Born in Los Angeles on April 9, 1990, Stewart began acting at the age of 8, but it was four years later, when she took the part of Jodi Foster’s daughter in Panic Room, that she began to garner critical acclaim. Thereafter she took on numerous challenging roles in films like Speak (2004), in which she portrayed a young girl who almost stops talking after enduring being raped. Into the Wild (2007), in which she portrayed a young musician, announced to the world that the young actress had weathered that most dangerous of titles – that of child actress – and was on the brink of becoming a star.

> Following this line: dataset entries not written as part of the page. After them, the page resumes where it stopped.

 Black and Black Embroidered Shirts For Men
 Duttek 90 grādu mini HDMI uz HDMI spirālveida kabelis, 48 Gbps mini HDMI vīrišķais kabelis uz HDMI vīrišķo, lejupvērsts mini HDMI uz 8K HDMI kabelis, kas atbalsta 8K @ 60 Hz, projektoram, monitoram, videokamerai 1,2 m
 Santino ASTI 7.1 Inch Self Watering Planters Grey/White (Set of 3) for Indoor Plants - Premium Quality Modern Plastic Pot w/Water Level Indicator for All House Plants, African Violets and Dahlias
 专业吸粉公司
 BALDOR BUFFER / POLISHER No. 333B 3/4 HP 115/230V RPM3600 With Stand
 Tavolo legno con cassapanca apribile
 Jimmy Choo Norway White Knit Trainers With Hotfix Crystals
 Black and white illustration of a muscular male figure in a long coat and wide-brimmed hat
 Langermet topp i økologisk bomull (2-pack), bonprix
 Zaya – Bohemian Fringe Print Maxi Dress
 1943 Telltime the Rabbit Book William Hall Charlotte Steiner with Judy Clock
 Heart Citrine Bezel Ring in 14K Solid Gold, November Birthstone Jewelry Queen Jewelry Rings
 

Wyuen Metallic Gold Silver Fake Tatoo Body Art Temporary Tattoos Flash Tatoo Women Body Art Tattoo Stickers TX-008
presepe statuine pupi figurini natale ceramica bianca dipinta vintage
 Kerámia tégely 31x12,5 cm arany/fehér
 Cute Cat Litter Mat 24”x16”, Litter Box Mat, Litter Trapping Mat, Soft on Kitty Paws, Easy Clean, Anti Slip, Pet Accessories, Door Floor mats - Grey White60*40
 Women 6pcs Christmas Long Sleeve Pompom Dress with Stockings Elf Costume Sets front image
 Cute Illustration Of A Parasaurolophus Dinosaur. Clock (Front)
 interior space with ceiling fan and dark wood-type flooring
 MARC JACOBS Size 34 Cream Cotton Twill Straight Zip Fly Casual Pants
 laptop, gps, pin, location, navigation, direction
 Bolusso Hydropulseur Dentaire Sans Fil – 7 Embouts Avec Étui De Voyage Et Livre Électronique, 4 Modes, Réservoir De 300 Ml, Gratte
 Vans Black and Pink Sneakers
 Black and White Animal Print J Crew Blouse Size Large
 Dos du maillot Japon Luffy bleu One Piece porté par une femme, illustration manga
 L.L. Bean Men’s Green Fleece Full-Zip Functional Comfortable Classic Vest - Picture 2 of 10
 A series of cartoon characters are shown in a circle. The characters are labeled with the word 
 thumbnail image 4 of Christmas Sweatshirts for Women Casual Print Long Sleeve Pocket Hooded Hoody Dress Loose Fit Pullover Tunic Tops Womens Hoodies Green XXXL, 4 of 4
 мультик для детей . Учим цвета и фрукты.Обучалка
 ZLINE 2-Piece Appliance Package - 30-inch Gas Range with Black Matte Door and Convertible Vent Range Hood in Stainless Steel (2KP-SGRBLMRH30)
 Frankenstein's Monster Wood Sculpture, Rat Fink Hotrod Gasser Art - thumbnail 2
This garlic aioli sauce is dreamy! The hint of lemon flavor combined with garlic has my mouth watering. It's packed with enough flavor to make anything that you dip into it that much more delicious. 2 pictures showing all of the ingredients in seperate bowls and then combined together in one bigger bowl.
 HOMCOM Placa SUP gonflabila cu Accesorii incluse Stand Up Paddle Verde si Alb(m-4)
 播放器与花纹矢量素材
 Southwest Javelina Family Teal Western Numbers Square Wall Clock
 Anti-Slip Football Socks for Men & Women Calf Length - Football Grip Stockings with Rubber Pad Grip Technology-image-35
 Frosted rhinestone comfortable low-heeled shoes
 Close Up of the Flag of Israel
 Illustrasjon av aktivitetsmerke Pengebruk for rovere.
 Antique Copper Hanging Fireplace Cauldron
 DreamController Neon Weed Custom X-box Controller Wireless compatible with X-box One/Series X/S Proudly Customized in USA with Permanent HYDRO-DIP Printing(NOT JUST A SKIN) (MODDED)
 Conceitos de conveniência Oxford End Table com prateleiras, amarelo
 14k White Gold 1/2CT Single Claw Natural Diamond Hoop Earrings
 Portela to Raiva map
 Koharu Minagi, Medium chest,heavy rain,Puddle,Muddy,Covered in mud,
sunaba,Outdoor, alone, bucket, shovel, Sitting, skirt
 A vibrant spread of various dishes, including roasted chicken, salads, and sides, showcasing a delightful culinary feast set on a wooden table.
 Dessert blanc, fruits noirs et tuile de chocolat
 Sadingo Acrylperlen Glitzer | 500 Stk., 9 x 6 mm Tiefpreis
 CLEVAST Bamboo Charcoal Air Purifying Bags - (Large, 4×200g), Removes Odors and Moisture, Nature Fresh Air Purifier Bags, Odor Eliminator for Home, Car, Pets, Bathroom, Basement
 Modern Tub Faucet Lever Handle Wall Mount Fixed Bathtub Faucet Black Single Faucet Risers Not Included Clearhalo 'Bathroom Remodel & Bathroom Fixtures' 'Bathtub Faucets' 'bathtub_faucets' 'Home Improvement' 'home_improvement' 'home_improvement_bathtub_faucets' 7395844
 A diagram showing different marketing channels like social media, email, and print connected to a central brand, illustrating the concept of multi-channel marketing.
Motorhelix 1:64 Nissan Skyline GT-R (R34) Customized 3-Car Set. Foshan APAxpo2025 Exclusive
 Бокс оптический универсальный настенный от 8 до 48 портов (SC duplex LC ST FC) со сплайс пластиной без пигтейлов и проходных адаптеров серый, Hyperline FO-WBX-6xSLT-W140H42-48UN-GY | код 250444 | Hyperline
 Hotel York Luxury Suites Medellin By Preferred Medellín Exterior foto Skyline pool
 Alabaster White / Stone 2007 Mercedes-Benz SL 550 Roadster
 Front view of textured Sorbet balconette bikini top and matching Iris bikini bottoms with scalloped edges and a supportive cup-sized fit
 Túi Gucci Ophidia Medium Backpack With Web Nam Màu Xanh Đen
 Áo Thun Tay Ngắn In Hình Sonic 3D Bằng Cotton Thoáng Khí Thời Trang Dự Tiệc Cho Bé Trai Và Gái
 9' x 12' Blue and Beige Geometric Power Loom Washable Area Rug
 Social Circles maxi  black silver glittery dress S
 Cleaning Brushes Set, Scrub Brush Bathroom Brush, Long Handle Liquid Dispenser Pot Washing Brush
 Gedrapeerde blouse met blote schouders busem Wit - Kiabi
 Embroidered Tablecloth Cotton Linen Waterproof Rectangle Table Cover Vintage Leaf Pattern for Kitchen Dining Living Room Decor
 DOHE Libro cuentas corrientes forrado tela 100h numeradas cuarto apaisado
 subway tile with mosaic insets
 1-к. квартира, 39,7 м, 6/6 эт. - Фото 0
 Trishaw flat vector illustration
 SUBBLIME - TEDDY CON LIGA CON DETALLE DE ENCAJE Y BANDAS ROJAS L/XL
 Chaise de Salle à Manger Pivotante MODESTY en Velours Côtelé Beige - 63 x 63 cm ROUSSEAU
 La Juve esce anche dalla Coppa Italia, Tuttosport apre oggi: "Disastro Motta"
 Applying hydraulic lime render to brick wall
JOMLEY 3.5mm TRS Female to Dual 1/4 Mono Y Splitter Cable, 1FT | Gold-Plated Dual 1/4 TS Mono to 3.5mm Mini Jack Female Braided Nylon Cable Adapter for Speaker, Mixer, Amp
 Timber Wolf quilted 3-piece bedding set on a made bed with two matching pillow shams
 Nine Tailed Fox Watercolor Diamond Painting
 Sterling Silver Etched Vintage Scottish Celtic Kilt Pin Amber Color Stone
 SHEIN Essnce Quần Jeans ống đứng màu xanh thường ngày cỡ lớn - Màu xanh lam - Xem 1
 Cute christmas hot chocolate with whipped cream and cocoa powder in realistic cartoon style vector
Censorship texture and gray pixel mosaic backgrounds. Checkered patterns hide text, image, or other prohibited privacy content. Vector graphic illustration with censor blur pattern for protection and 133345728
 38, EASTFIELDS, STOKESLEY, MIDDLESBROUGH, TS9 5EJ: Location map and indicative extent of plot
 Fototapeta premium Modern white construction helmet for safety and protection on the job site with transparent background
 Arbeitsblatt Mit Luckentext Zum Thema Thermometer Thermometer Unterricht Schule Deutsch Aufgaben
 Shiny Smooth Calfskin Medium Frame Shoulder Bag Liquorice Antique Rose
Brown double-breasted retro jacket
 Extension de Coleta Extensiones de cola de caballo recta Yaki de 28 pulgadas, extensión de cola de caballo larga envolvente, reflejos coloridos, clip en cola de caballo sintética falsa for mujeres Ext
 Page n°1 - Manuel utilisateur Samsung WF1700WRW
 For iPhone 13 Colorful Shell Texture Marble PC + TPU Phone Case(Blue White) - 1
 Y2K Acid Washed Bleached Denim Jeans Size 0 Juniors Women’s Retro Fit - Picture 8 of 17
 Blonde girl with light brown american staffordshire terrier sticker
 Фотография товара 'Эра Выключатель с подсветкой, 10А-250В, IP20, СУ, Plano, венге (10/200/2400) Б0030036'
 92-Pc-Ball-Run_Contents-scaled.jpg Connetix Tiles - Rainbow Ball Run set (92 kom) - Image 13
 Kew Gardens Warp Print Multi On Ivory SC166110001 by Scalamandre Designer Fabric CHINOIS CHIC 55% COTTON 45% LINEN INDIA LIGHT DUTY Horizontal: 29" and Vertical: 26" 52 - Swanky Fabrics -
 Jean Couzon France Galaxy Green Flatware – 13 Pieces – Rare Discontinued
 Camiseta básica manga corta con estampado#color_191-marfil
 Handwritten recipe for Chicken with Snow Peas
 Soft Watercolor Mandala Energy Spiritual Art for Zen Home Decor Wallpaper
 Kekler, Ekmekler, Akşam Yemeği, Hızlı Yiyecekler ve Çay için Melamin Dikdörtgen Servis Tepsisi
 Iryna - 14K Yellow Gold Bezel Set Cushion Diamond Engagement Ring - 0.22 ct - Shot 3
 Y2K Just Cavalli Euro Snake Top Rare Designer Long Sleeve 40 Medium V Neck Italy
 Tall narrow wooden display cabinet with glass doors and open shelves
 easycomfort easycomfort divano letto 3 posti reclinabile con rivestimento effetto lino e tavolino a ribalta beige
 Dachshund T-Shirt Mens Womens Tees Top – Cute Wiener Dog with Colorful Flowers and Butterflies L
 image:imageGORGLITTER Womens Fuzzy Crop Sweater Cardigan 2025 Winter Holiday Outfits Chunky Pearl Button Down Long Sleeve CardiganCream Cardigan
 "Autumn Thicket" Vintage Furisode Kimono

2008 shot her into the stratosphere as Bella Swan in the Twilight series, which concluded in 2012, the year she was also the highest paid actress in the world. Thereafter came a string of anti-Bella roles as the actress sought to revive her character work with independent films like Olivier Assayas’ Clouds of Sils Maria, which garnered her the César award for Best Supporting Actress (2016). It was the following year that the Chanel ambassador debuted as a director with her short, Swim, at the Cannes Film Festival. Her growing confidence led to her taking on more commercial fare in Charlie’s Angels (2019) and Happiest Season (2020), an LGBTQ holiday romance.
With more than 40 films to her credit, she is returning to directing with the memoir The Chronology of Water, which she will write.